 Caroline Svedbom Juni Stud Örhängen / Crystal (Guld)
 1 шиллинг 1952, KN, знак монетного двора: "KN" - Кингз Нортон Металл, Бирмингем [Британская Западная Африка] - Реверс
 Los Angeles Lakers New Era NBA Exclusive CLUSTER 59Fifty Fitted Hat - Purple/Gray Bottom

* * *

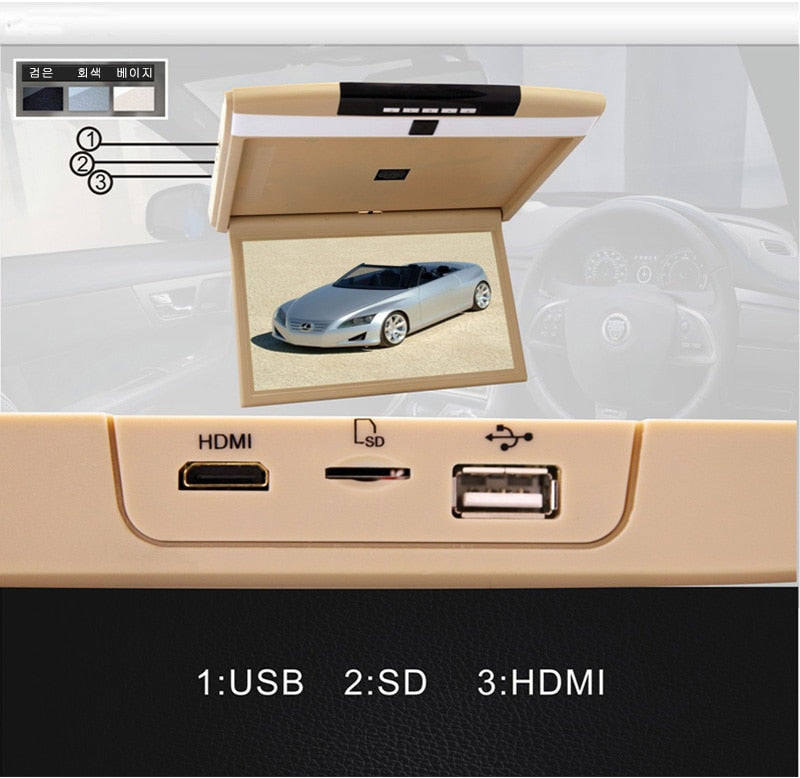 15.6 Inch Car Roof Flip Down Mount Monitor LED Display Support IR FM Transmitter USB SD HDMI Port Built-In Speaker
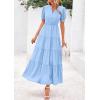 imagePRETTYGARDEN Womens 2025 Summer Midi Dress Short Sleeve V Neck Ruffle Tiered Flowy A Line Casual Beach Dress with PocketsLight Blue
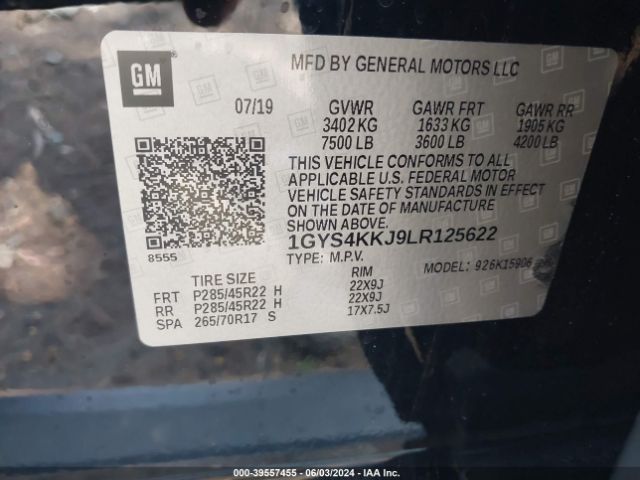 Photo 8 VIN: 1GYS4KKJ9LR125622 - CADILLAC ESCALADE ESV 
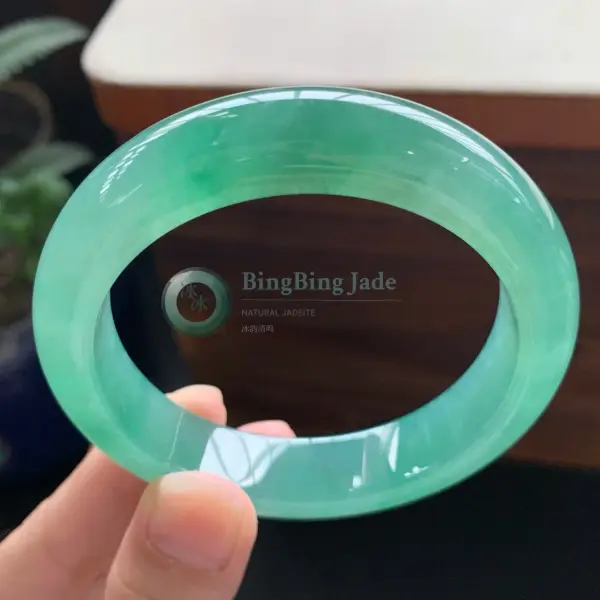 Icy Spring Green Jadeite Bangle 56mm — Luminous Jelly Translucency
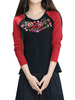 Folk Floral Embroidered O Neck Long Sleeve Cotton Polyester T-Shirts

INSTRUCTIONS FOR THE TASK:
Give the lines above again exactly, from the one containing "imagePRETTYGARDEN Womens 2025" to the one containing "Folk Floral Embroidered", both included, but leave out the pictures.

TASK RESULT:
 imagePRETTYGARDEN Womens 2025 Summer Midi Dress Short Sleeve V Neck Ruffle Tiered Flowy A Line Casual Beach Dress with PocketsLight Blue
 Photo 8 VIN: 1GYS4KKJ9LR125622 - CADILLAC ESCALADE ESV 
 Icy Spring Green Jadeite Bangle 56mm — Luminous Jelly Translucency
 Folk Floral Embroidered O Neck Long Sleeve Cotton Polyester T-Shirts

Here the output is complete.